| INSTRUCTIONS TO FOLLOW |
Only one stretch of the material below is wanted: everything from the line containing "Alternative view of" down to the line containing "Infographic explaining benefits", both ends included. Repeat it exactly and skip the pictures.

| RECORDS FOR THIS EXERCISE |
______________________________

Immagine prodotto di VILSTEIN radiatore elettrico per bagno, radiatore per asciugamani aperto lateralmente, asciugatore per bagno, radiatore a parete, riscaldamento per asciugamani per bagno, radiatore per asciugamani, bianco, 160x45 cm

______________________________

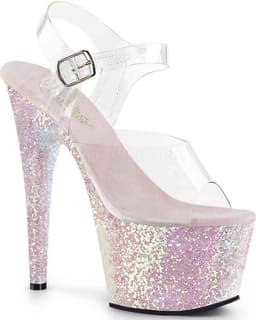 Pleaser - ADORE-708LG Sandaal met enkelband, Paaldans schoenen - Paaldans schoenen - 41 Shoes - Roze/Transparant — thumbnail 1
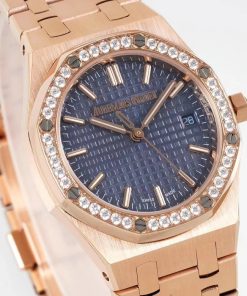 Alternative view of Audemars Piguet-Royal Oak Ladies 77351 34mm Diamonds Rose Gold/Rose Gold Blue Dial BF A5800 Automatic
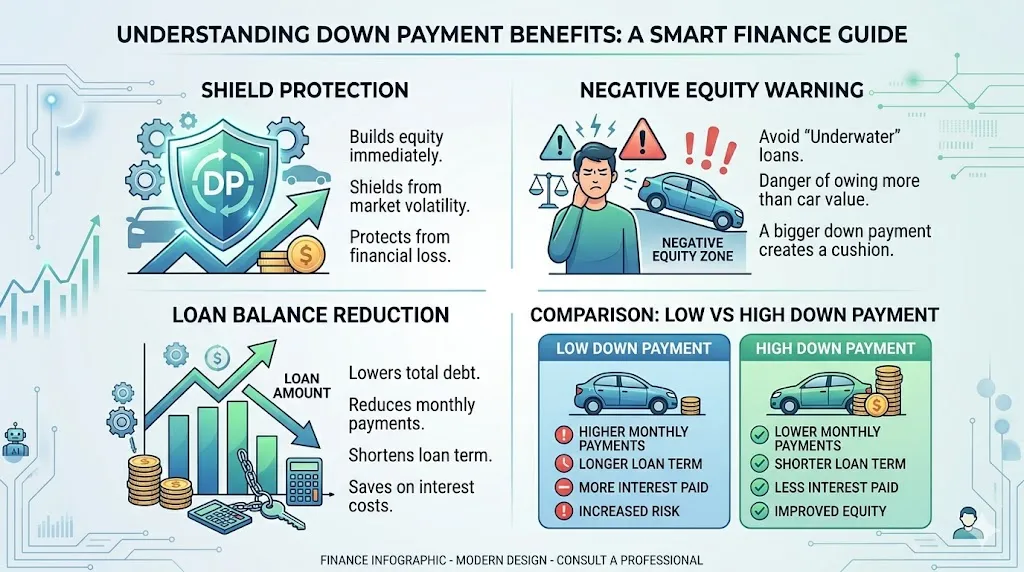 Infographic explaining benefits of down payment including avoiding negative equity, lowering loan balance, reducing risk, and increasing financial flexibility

______________________________

| THE COMPLETED TASK |
 Alternative view of Audemars Piguet-Royal Oak Ladies 77351 34mm Diamonds Rose Gold/Rose Gold Blue Dial BF A5800 Automatic
 Infographic explaining benefits of down payment including avoiding negative equity, lowering loan balance, reducing risk, and increasing financial flexibility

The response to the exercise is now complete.